Now lets see a break down on sex, is it more likely to die by a gun death if you are a man or if you are a woman.
print 'number of victims that are male in 2012 ', data[(data['year'] == 2012) & (data['sex'] == 'M')].count()[0]
print 'number of victims that are male in 2013 ', data[(data['year'] == 2013) & (data['sex'] == 'M')].count()[0]
print 'number of victims that are male in 2014 ', data[(data['year'] == 2014) & (data['sex'] == 'M')].count()[0]
print 'number of victims that are male in 2012 ', data[(data['year'] == 2012) & (data['sex'] == 'F')].count()[0]
print 'number of victims that are male in 2013 ', data[(data['year'] == 2013) & (data['sex'] == 'F')].count()[0]
print 'number of victims that are male in 2014 ', data[(data['year'] == 2014) & (data['sex'] == 'F')].count()[0]
number of victims that are male in 2012 28838
number of victims that are male in 2013 28794
number of victims that are male in 2014 28717
number of victims that are male in 2012 4725
number of victims that are male in 2013 4842
number of victims that are male in 2014 4882
So far we know that the number of deaths by gun has not raised year-to-year in the 2012-2014 period and that it is more likely to die like that if you are a man, than if you are a woman. Each year men are 7 times more likely to die from a gun death than women.
Next I wanted to see what was more prevalent suicides or homicides and what influenced them - race, education.

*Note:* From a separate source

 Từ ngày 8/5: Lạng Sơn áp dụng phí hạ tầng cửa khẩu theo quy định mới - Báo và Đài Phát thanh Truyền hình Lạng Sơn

First a racial breakdown of gun deaths and then a break down on intent.
# break down on race
print '\n\n Racial break down of gun deaths'
print data.groupby('race').count()['year']
# break down on intent
print '\n\n Intent break down of gun deaths'
print data.groupby('intent').count()['year']
Racial break down of gun deaths
Asian/Pacific Islander 1326
Black 23296
Hispanic 9022
Native American/Native Alaskan 917
White 66237
Intent break down of gun deaths
Accidental 1639
Homicide 35176
Suicide 63175
Undetermined 807
From this we can see that there are a lot of suicides and a lot of white people who are getting killed by guns. The rate of homicides is almost half of the one of suicides, that might be an indication that the biggest problems of the American people is not crime against others but crime against oneself. Let’s see who is more likely to commit suicide then.
# break down on race and intent
print '\n\nWhites'
d1 = data[(data['race'] == 'White')]
print d1.groupby('intent').count()['year']
print '\n\nBlacks'
d2 = data[(data['race'] == 'Black')]
print d2.groupby('intent').count()['year']
Accidental 1132
Homicide 9147
Suicide 55372
Undetermined 585
Name: year, dtype: int64
Accidental 328
Homicide 19510
Suicide 3332
Undetermined 126
So, whites are more likely to commit suicide and are dying at a higher rate than blacks (which is normal, it’s a white dominated population). At the same time, it looks like most blacks’ deaths are caused by homicide. It would be interesting to know which are the zipcodes in which those things are more prevalent - where do people who commit suicide more often live?
One last thing that I wanted to check is if education had any influence on the gun death rate. So I looked at that data as well.
# break down on education
print data.groupby('education').count()['year']
BA+ 12946
HS/GED 42927
Less than HS 21823
Some college 21680
So, the most vulnerable people in this data set are the ones considered as middle class, they have a High School or GED diploma. Let’s see how that correlates with race.
print '\n\nBreakdown on education and race'
d3 = data[(data['education'] == 'HS/GED') & (data['intent'] == 'Suicide')]
print d3.groupby('race').count()['year']
Breakdown on education and race
Asian/Pacific Islander 171
Black 1430
Hispanic 1133
Native American/Native Alaskan 247
White 23340
Whites with a HS/GED diploma are ~25 times more likely to kill themselves that are black or hispanic people. That’s quite depressing. I intend to continue this by adding in data for mass shootings and police shootings, I am sure it’s going to be very interesting.